**Instructions to follow**
Once the line with "Terraced house for" is reached, output it and every line after it, exactly, through the end of the records below. Pictures are skipped.

**Data to examine**
====================

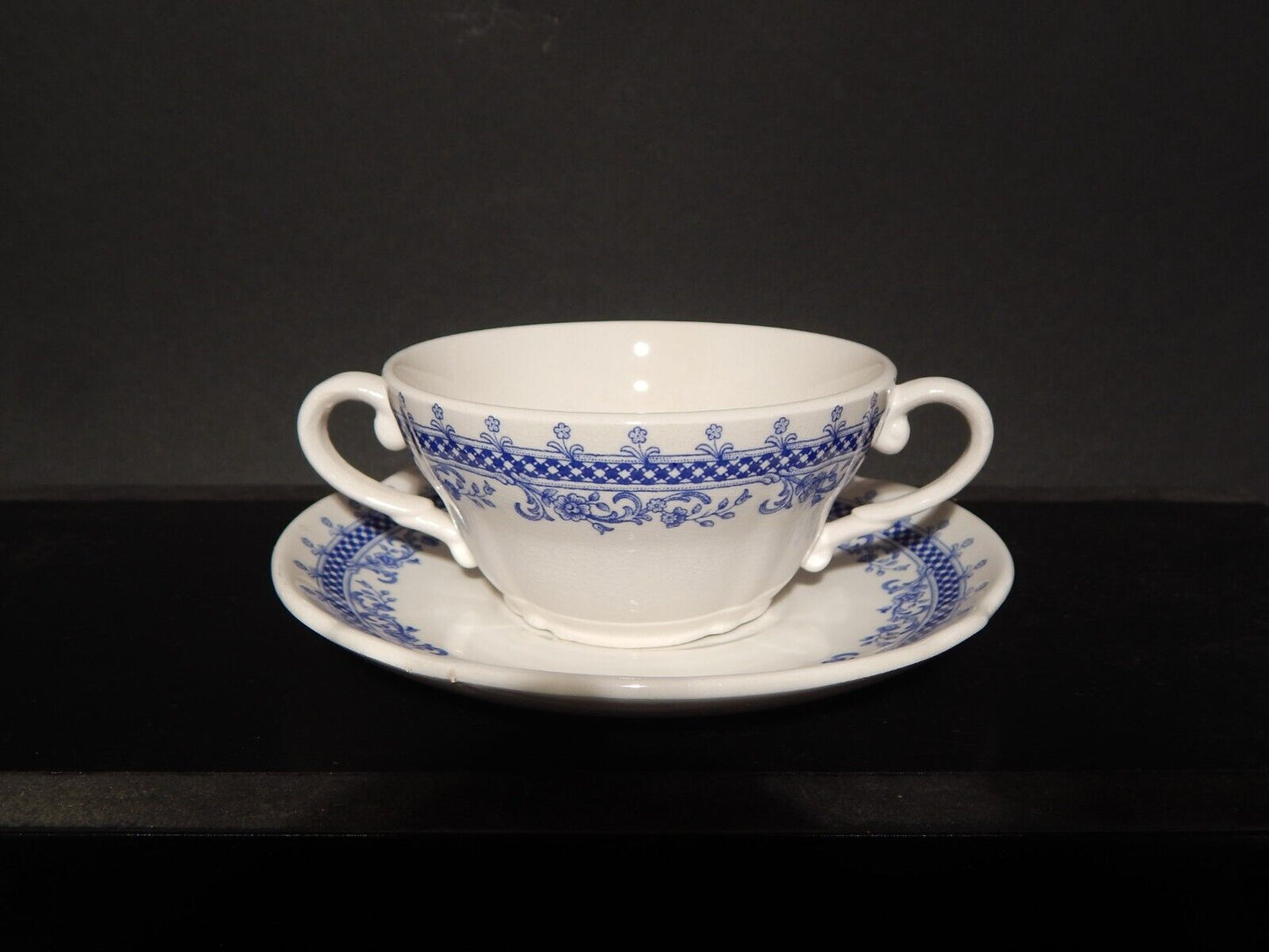 VINTAGE TAZZA BRODO CONSOMME' CERAMICA S.C.I. LAVENO DIAMONDSTONE BIANCO BLU #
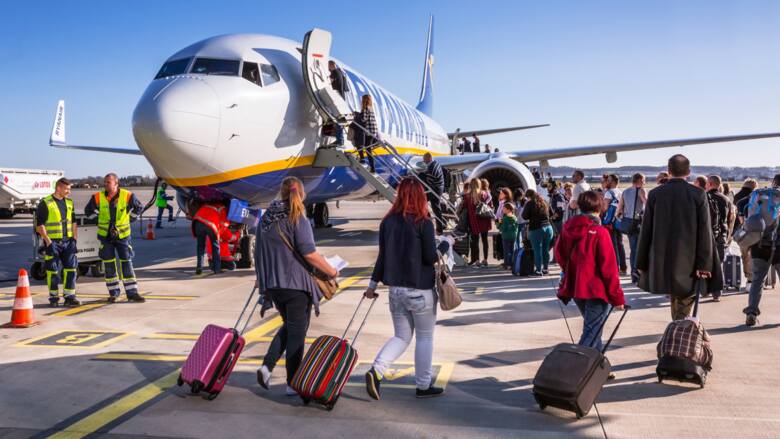 Turyści wsiadający do samolotu Ryanair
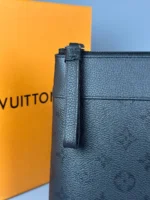 Мужской клатч Louis Vuitton чёрного цвета, артикул 345325 — фото 5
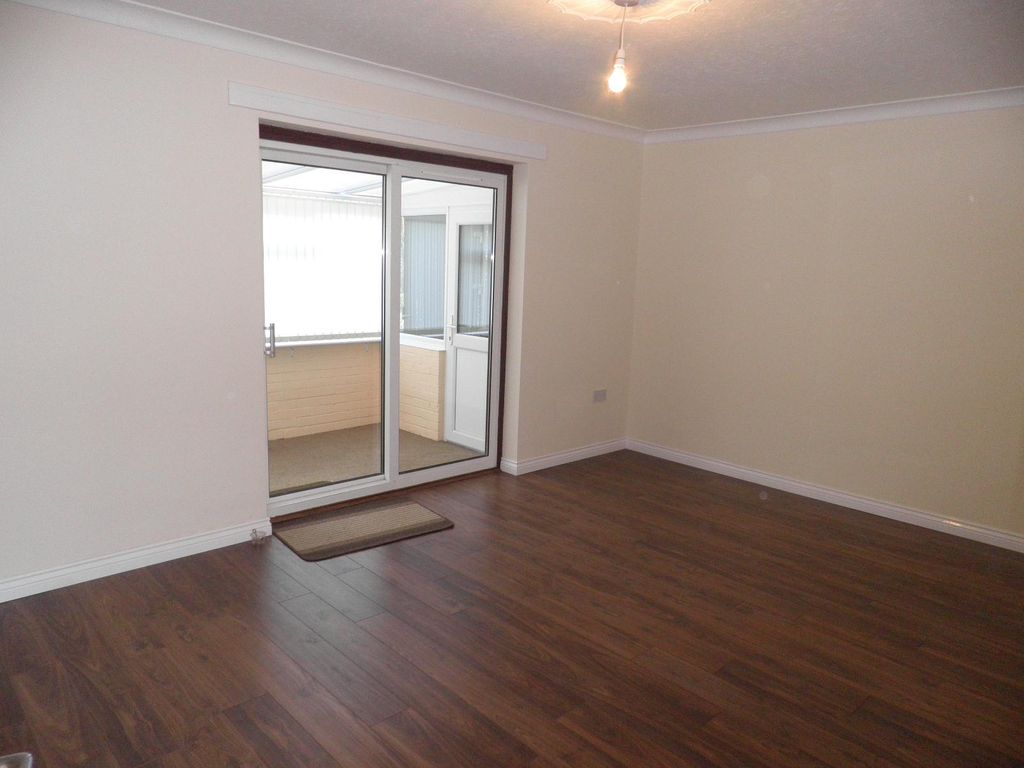 Property photo 3 of 6 Living Room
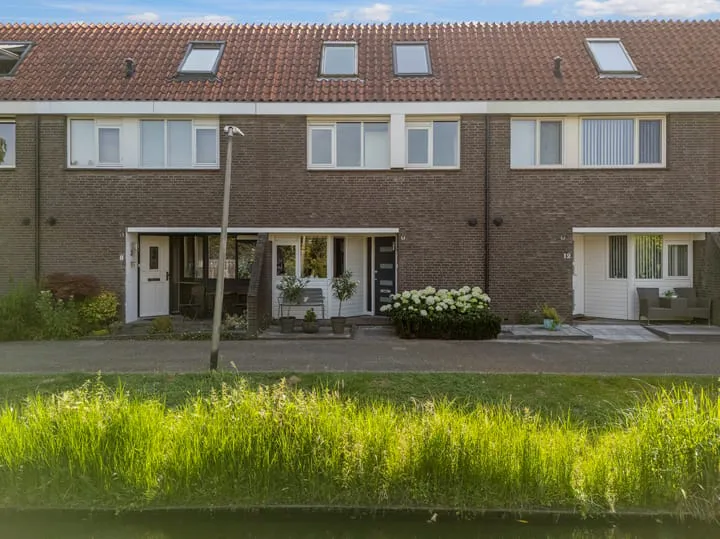 Terraced house for sale: Omloop 10, Oostpolderwijk Waddinxveen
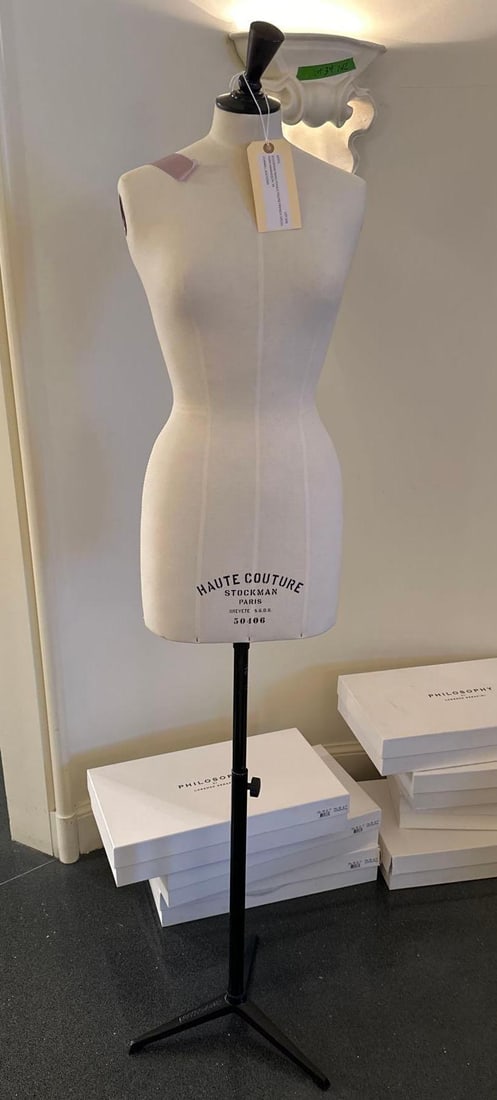 STOCKMAN PARIS FEMALE FIGURE FRENCH DRESS FORM MANNEQUIN (1 of 2) (1 of 3)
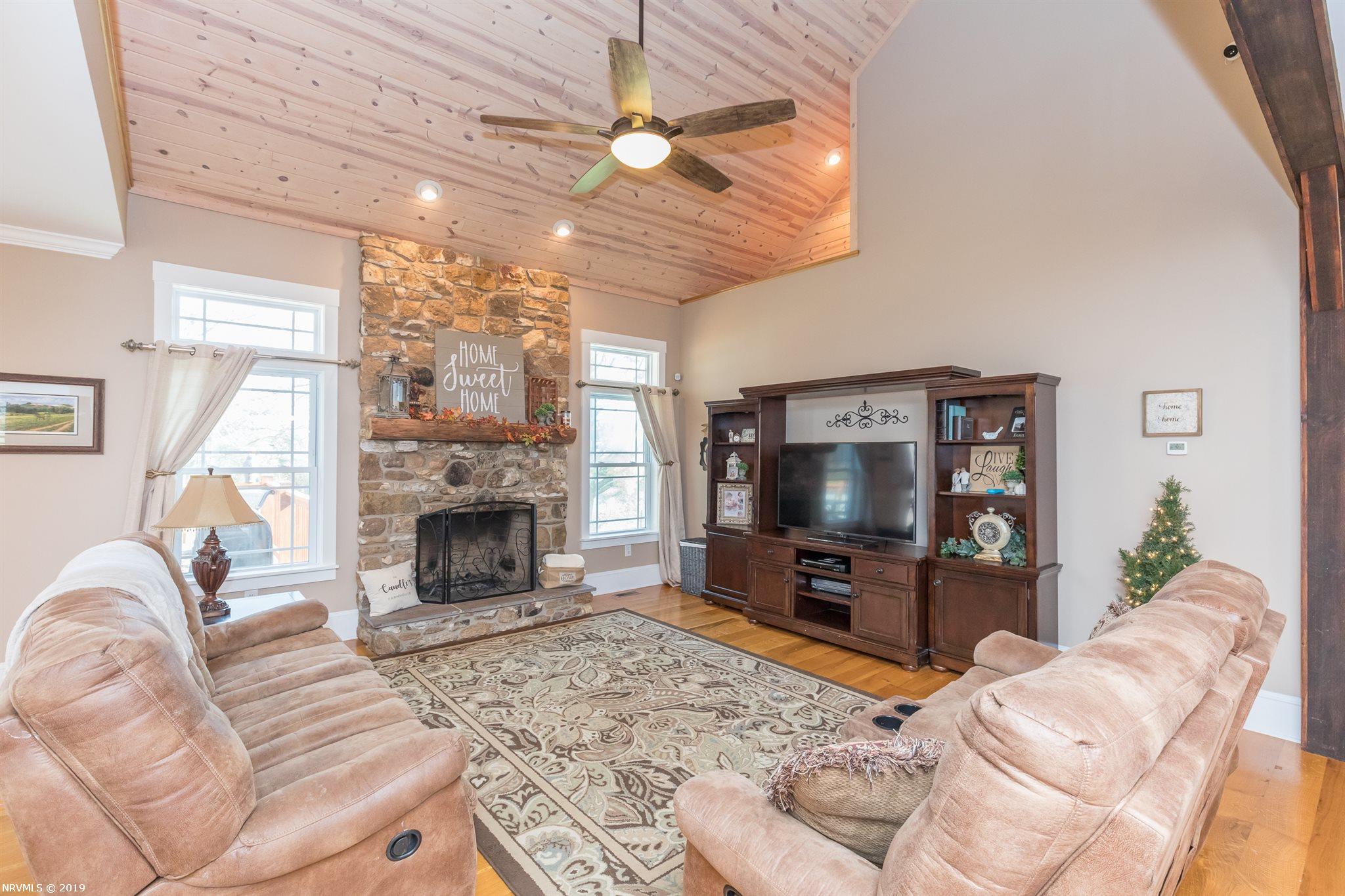 145 Silver Leaf Road Dugspur, VA 24325 - Photo 27 of 121 Gallery Image 27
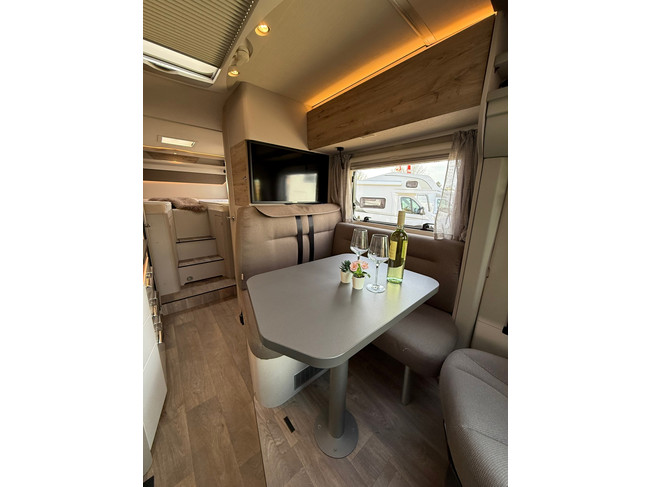 Hymer Exsis T 580 Automaat 9G 2020 Zonnepanelen! Trekhaak! foto: 15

====================

**Written solution**
 Terraced house for sale: Omloop 10, Oostpolderwijk Waddinxveen
 STOCKMAN PARIS FEMALE FIGURE FRENCH DRESS FORM MANNEQUIN (1 of 2) (1 of 3)
 145 Silver Leaf Road Dugspur, VA 24325 - Photo 27 of 121 Gallery Image 27
 Hymer Exsis T 580 Automaat 9G 2020 Zonnepanelen! Trekhaak! foto: 15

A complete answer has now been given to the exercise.